Benzer bir şekilde, “veganlar salaktır, kafaları çalışmaz” tarzı yorumlar da geliyor. Bu yorumların amacı da veganların canını yakmak. Veganlığın insanı “salak” yapmayacağı, evrimsel süreç düşünerek yapılmış bu yorumun neden doğru olmayacağını da bilimsel bilgi eşliğinde açıklamak gerekebiliyor karşıdakinin öfkesini/kinini bir tarafa bırakıp. Her iki durumda da konuyu uzatıp otoriteye başvurma safsatası (konunun uzmanı olduğunu söylediği kişilerin konu hakkındaki bizim söylemimize ters söylemleri olduğunu söyleyerek, tartışmayı kazanma yöntemi) yöntemini kullanarak üstün gelmeye çalışan ya da yorumunu silenler de olabiliyor (bir sayfa cevap yazarken yorumlarını silmeleri sonucu o bir sayfayı boşa yazmış olmaktan ötürü zaman kaybedebiliyoruz ama ne yapalım, bunlara da hazırlıklı olmak lazım).

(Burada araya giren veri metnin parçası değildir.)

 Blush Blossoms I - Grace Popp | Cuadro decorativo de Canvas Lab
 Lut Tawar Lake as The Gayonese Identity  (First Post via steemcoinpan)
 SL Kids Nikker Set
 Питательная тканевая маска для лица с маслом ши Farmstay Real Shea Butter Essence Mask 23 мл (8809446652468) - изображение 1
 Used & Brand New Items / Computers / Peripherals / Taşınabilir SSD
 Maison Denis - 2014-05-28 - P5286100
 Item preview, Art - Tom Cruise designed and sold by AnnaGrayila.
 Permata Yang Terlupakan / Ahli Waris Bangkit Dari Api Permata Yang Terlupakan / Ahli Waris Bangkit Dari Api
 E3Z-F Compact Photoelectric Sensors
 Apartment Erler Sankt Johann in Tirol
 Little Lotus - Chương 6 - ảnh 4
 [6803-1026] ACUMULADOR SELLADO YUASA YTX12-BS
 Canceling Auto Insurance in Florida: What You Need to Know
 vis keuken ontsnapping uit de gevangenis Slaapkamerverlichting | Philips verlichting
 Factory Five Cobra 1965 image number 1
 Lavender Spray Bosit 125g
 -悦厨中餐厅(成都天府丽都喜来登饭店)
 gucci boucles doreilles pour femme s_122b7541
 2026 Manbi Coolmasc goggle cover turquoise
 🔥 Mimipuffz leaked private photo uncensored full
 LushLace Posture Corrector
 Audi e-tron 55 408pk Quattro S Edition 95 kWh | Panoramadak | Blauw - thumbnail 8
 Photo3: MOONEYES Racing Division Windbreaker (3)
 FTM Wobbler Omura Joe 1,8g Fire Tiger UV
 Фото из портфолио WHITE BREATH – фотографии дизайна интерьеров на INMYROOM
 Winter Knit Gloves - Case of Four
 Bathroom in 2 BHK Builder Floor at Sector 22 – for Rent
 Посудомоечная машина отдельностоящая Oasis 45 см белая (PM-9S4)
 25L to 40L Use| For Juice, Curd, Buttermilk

Ben yazılan bazı yorumlara güldüm açıkçası, özellikle bir yorum çok “orijinal” geldi bana, yorum sadece şuydu “Zort”. Bu tarz yorumlar bir rahatsız olma durumundan kaynaklanıyor. İletişime geçme isteği de var aslında bu tarz yorumlarla. Verilecek cevaba göre iletişim şekillenebiliyor. Veganların varlığından ya da görünür olmasından rahatsız olunmasının bir sebebi bazı yanlış aktivizm yapan veganlar olduğu kadar vicdani rahatsızlıklarından ötürü karşı tarafı küçük düşürmeye çalışma motivasyonu da yatıyor. “Sen benden daha mı ahlaklı olduğunu düşünüyorsun?” tarzı bir öfke bu yorumlara sebep olabiliyor. Bu durumlarda karşı tarafın vicdani rahatsızlığını anlıyorsak, iyi bir iletişim dili kullanarak, onu ötekileştirmeden, değersiz hissettirmeden, neden hayvan kullanımlarının gereksiz olduğunu ve bunun sonucunda neden vegan olunması gerektiği anlattığımızda, karşı taraf gerçek sorular sormaya ve ilgisini göstermeye başlayabiliyor.

Benimle ilgili yapılan “Abi gözlerinin feri gitmiş” yorumunda, yorumu yazan kişinin beni önemsediğini mizahi bir dille göstermeye çalıştığını düşünüyorum. İnsanlar gülmek istiyor, eğlenmek istiyor ve herkesin kendine göre bir mizah anlayışı var. Veganları hedef alan mizah, ofansif mizah türüne dahil edilebilir. Konu hayvanlar olduğu için, böyle bir mizah birçok vegana komik gelmiyor elbette. Veganlıkla ilgili diyaloğa ofansif mizah üzerinden giren kişilerin veganlıkla ilgili bilgilere sahip olmadığını, hayvanların birer eşya gibi görüldüğü ve herhangi bir içkin değer taşımadıklarına inanıldığı bir paradigma içinden konuşuyor olduğunu hatırladığımızda, bu ofansif mizaha abartılı tepkiler vermiyoruz. Bunun yerine, meselenin ne olduğunu karşı tarafa anlatabileceğimiz en güzel dille anlattığımızda, bu karşılaşmaları, veganlığın doğru bir şekilde duyulmasının ve insanların kafasına soru işareti yerleştirmenin bir yoluna dönüştürebiliyoruz. Bırakalım içlerindeki öfkeyse öfkeyi, kinse kini, dalga geçme isteği ise dalga geçmeyi boşaltsınlar, sonrasında gerçekten diyalog kurmak çok daha kolay olacaktır. Bu öfkeye öfke ile karşılık vermek ne bize ne hayvanlara bir şey kazandırmaz. Sadece psikolojik rahatlama yaşayabiliriz ama bunun hayvanlara bir getirisi olmaz genelde.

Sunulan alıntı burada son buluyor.